** WORK ORDER **
Pictures must be left out. Print the lines from the beginning of the material through the line holding "kitchen with gray", exactly and nothing else.
*** Opening of DATA ***
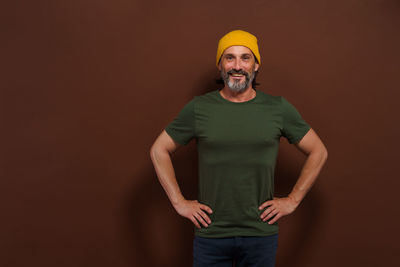 Portrait of man standing against yellow background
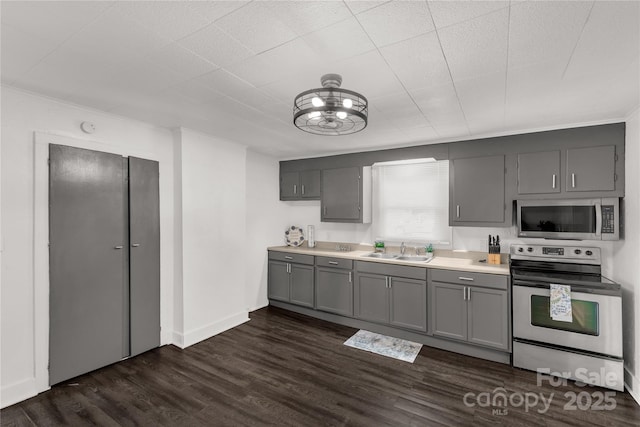 kitchen with gray cabinetry, stainless steel appliances, dark wood-style flooring, a sink, and light countertops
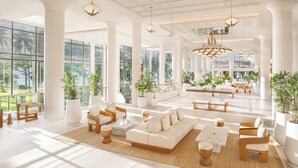 A spacious lobby with high ceilings, large windows, and a variety of seating arrangements. - Centara Reserve Samui (Koh Samui)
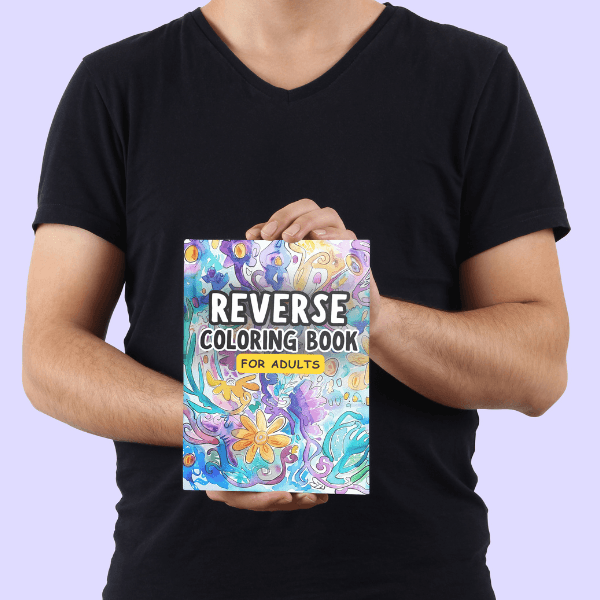 Person holding the Reverse Coloring Book for Adults featuring abstract watercolor art cover. Printable creative relaxation book designed for mindfulness and stress relief.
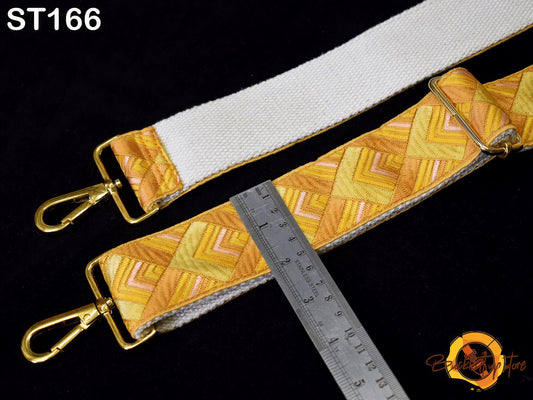 a strap with a geometric pattern in shades of yellow and orange, and a ruler placed next to it on a black background.
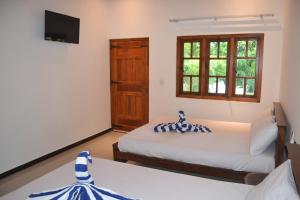 a room with two beds and a tv and a window at Nilaveli Shan Guest in Trincomalee +35 photos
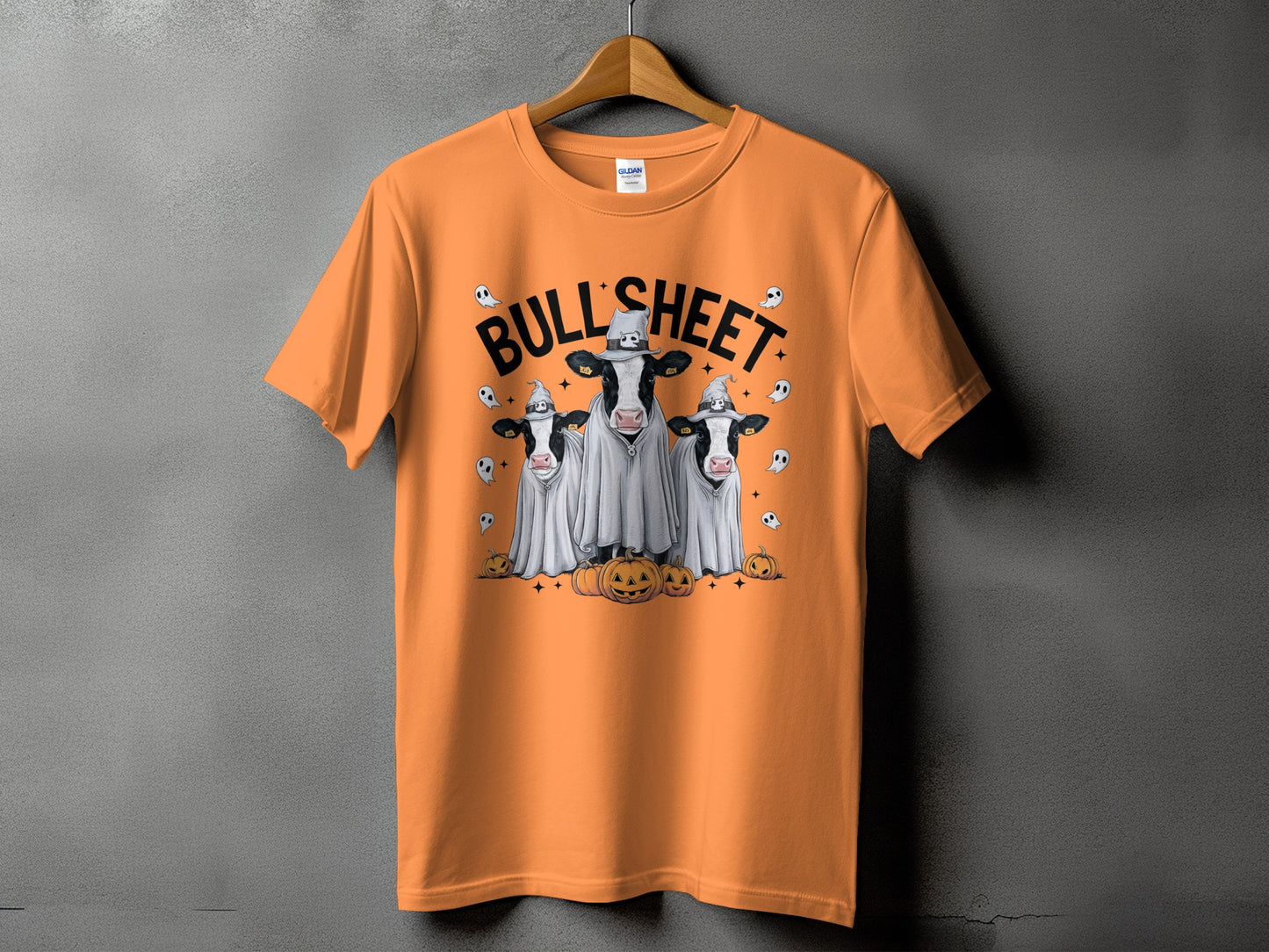 Orange t-shirt with ghost-covered cows, pumpkins, and the text "BULL SHEET."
*** Close of DATA ***
** RESULT OF THE EXERCISE **
 Portrait of man standing against yellow background
 kitchen with gray cabinetry, stainless steel appliances, dark wood-style flooring, a sink, and light countertops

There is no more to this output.